In a statement issued on Monday, Oct. 28, the BBA said it is saddened by the significant drop in the global competitiveness ranking of the Philippines in the World Economic Forum’s latest report, which now ranks the country on 64th out of the 141economies surveyed, from 56th place last year.
“This means the nation fell short in terms of measures that will create an enabling environment, improve human capital, increase productivity of markets, and support an innovation ecosystem that will enable wealth-generation for its citizens,” it said.
The BBA said it is particularly alarmed that the decline in the country’s competitiveness is mainly caused by its poor ranking in “ICT adoption,” measured by the population’s subscription to mobile cellular, fixed and mobile broadband services, and the percentage of Internet users vis-à-vis the total population.
Under the ICT adoption pillar, the Philippines ranked 88th and garnered a score of 50, about 20 points lower than the average in East Asia and the Pacific and lagging behind ASEAN peers like Cambodia, Indonesia, Malaysia, Thailand, and Vietnam.
The group stressed that studies have shown how Internet penetration and adoption impact a country’s economic development. A 2009 World Bank report revealed that increasing broadband penetration by 10% results in a 1.38% increase in GDP in developing economies between 2000 and 2006.
In the Philippines, the contribution of mobile broadband adoption can be as much as 0.61% of GDP, according to a 2012 study funded by the ITU and the Broadband Commission.
Internet speed also affects people’s ability to generate wealth, the BBA said. A 2013 Ericsson study found that introducing a 0.5-Mbps broadband connection can increase household income by as much as $800 per year in less developed countries.
“Thus, the cost to the Philippine economy of poor Internet access and slow Internet speed can be enormous. The main culprit: using analog policy in the digital age,” the group said.
According to a Google-funded study by the BBA and The Asia Foundation, the Philippines’ policy and regulatory framework is stuck in the landline era.
“Outdated policies have resulted in 50 million Filipinos still offline; fixed and mobile broadband connections among the slowest in the world; and broadband services that remain unaffordable to a large segment of society, especially those living in the rural areas,” it noted.
To address this, the BBA urged Congress to pass laws that will update policies and promote digital connectivity. In particular, the BBA said it strongly supports the “Open Access in Data Transmission” bill, which is critical to establishing a forward-looking and future-ready digital policy framework for the Philippines.

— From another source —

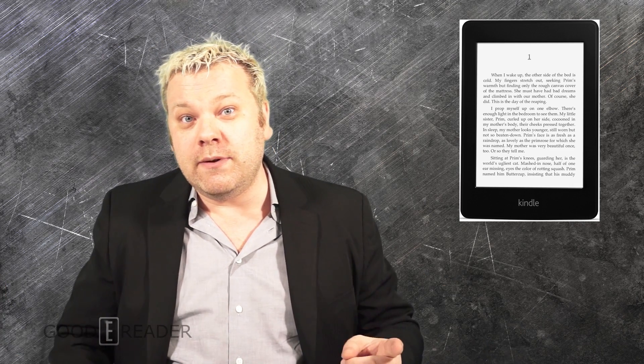This is a free download for the second generation Amazon Kindle Paperwhite. If you haven't installed it, let us know what you think about it. For Good e-Reader News, my name is Michael.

The bill aims to create the space for different types of service providers to build and operate data networks. It proposes a simplified registration and qualification process in order to attract more players to invest in much-need data transmission infrastructure.
The bill also encourages infrastructure sharing to make network deployment faster and more cost-efficient, promotes transparency in spectrum management, and mandates interconnection among operators.
“Digital connectivity, anchored on reliable, secure, and affordable broadband services, is the foundation of a country’s digital transformation. In return, key government and private sector initiatives, such as e-commerce, e-health, e-learning, and e-government initiatives, including the recently approved national ID system, are expected to provide a strong demand pull that will drive broadband penetration and ICT adoption,” the alliance said.
“The proposed Open Access in Data Transmission Act will provide the digital connectivity policy framework that will not only bring the country to the digital age but also improve overall competitiveness,” it added.